What an image processing board (IPB) is and what it does:
An image processing board – sometimes also called an image engine – uses digital signal processors, FPGA programmable logic and dedicated imaging ICs to obtain video streams from image sources such as a CIS, a CCD or a CMOS camera to then further process the video streams, to enhance, identify and compress them, and finally to send the results to a host system.
Why image processing boards are superior to traditional image acquisition:
A traditional image acquisition system consists of a digital image source, an ordinary frame grabber device installed in a powerful PC workstation and image processing and recognition PC software. An additional FPGA- or GPU-based hardware accelerator card may improve overall system performance beyond mere PC performance. At BAPIS, we have been developing a different image processing concept for over 20 years. Instead of relying on the PC’s processing power, we’ve been developing embedded, specialized image processing boards, combining the functionalities of frame grabbers, PC software and hardware accelerators – all in one device.

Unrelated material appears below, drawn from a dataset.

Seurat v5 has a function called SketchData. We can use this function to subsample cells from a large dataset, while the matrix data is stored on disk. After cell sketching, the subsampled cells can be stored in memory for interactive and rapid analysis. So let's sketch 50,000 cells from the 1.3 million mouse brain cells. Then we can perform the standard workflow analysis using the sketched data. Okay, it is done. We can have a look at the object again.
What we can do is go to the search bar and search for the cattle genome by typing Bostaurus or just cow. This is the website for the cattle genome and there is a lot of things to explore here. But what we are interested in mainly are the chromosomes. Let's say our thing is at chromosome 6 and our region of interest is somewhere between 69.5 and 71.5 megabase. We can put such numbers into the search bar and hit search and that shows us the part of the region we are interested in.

Where our image processing boards come into play:
BAPIS image processing boards find application in high-speed paper document archiving and recognition systems, in feature-rich desktop scanners, in automated election systems, in print inspection setups and in many more areas.
Image processing boards enable faster image processing, eliminate the need for high-performance PCs and can be integrated into almost any IT environment. They support the most widely used interface standards and reduce both the price and energy consumption of the overall solution. They are durable, long-lasting and built to work 24/7. In short, they are superior to traditional image capturing systems in every respect.

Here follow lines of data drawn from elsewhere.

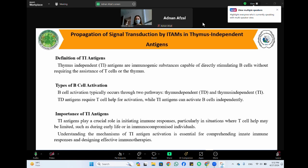Examples of thymus-independent antigens include certain bacterial polysaccharides and repetitive molecular structures found on some pathogens. B cell activation typically occurs through two pathways: thymus-dependent and thymus-independent. Thymus-dependent antigens require T cell help for activation, while thymus-independent antigens can activate B cells independently.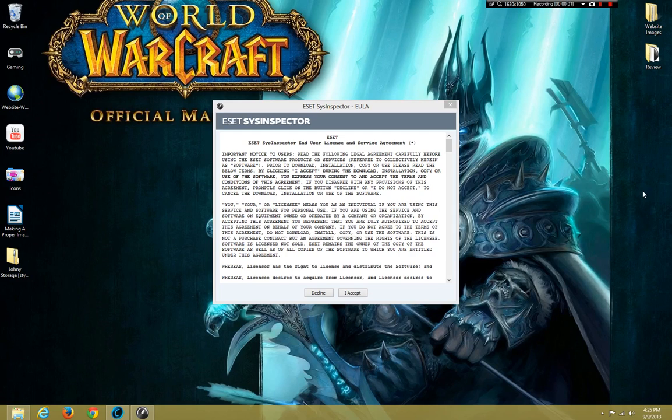Hello everybody, this is Scott, and today we'll be looking at another program by another antivirus company known as ESET. This is ESET System Inspector.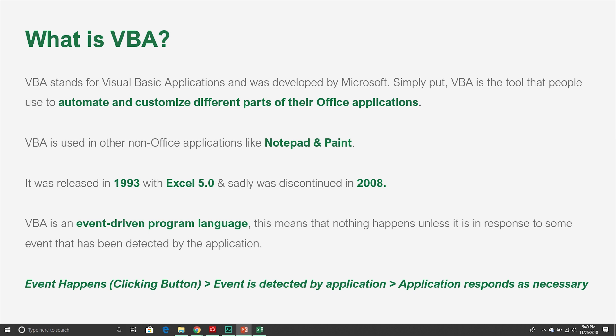So what is VBA? VBA was developed by Microsoft and it stands for Visual Basic for Applications. We use VBA to automate and customize different parts of office applications. For example, if we had a range of cells and wanted to loop through each of those cells and ask a certain question — say if the cell value equals a certain amount we want the script to do something, like change the background color — we can automate that task using VBA.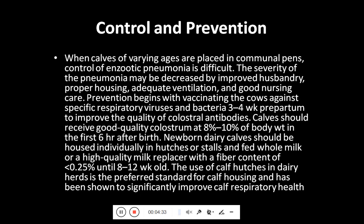Prevention begins with the vaccination of cows against specific respiratory viruses and bacteria at three to four weeks pre-partum, to improve the quality of colostral antibodies. Calves should receive good quality colostrum at eight to ten percent of body weight in the first six hours after birth. Newborn dairy calves should be housed individually in hutches or stalls and fed whole milk or a high quality milk replacer with a fiber content of less than 0.25 percent, until eight to twelve weeks old.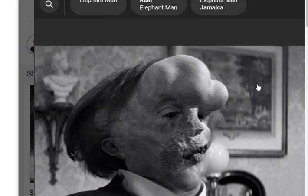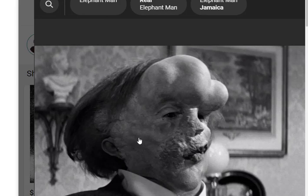The Elephant Man had tumors that were benign, but they did eventually kill him. He was told not to lay on his back because the tumors would crush his airway and he would smother to death — and they found him on his back, dead, assuming he must have rolled over in his sleep.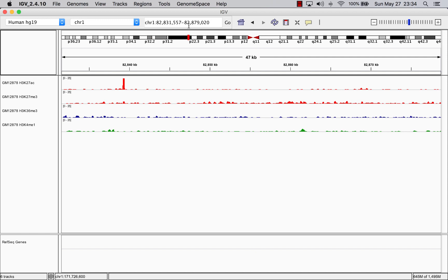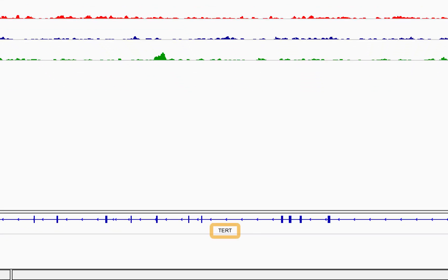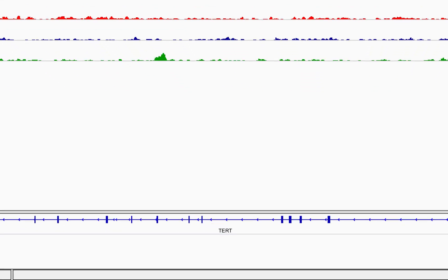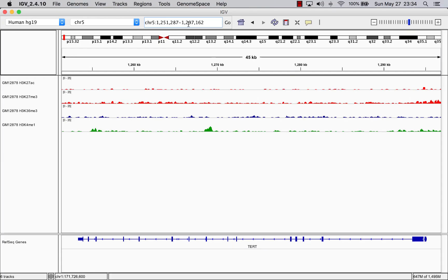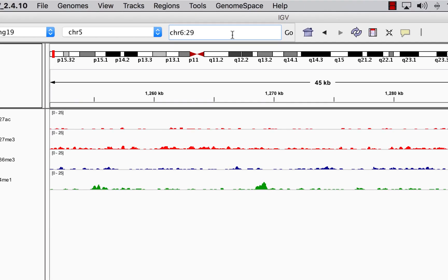And if you have a specific gene in mind, you can enter it in the search box to be brought there. You can also search for a particular region by entering genomic coordinates.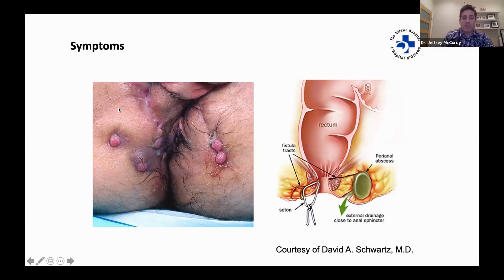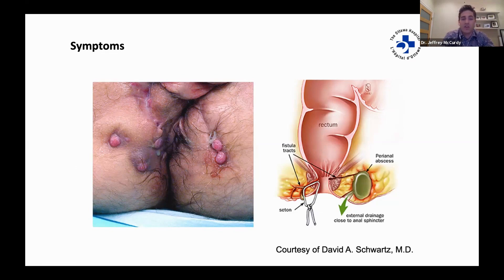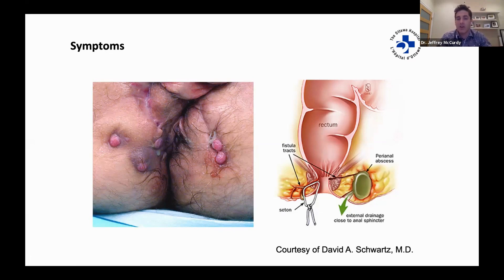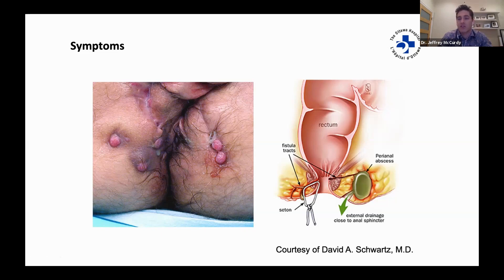Here's an example of a patient with perianal fistulas, and you can see all of the external openings. This would be a patient with very complex disease, and you can imagine that there are probably abscesses underneath the skin. Abscesses are infectious collections — you can think of them as a large pimple — and those can be very painful. In addition to this, the tracks that are formed from these abscesses can drain feculent material, which can be very distressing for patients.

Immediate decisions: an embedded IPB allows immediate decisions to be made at the scanned object level. An example of such an immediate decision is content-based sorting, otherwise impossible or requiring a much longer paper path to accommodate a PC architecture and operating system lags and delays in a traditional image acquisition system.
Functional in any IT environment: an IPB, delivering complete results from its real-time deterministic firmware, allows the use of any mini-computer or low-cost PC as a host. The list of supported operating systems includes the most recent generations of MS Windows and a wide range of Linux distributions (also ARM-based), allowing the integration of our IPBs in various IT environments.
USB standard and various video source interfaces: in contrast to traditional frame grabbers, closely coupled with a specific PC architecture, our IPBs use a widely adopted USB standard interface for the delivery of the processing/recognition results. A superspeed mode and a high-speed mode are available depending on customer requirements. Our IPBs support various video source interfaces in order to accommodate customer requirements for speed, transmission distance and overall solution price. Camera Link (base, medium, full), G-Link & CoaXPress are among the already available source interface standards at BAPIS.
Dozenfold power efficiency: an IPB, designed and built for a specialized task, has much higher power efficiency than any traditional acquisition system based on a general-purpose PC workstation. Our IPBs outperform traditional PCs dozens of times in terms of number of processed images per single watt of consumed energy. That means distinctively lower operating costs and a concern for our planet‘s resources.
Durable, long lasting, functional 24/7: the IPBs without any moving or easily breakable parts are durable, long-lasting devices, built to work 24 hours a day. The absolute majority of all the image processing boards manufactured at BAPIS over the past 20 years are still in operation in our customers‘ systems.
Long manufacturing life cycles: we care about the long-term availability of all our products – IPBs being no exception. The manufacturing life cycles of our IPBs reach up to 12 years, depending on the model.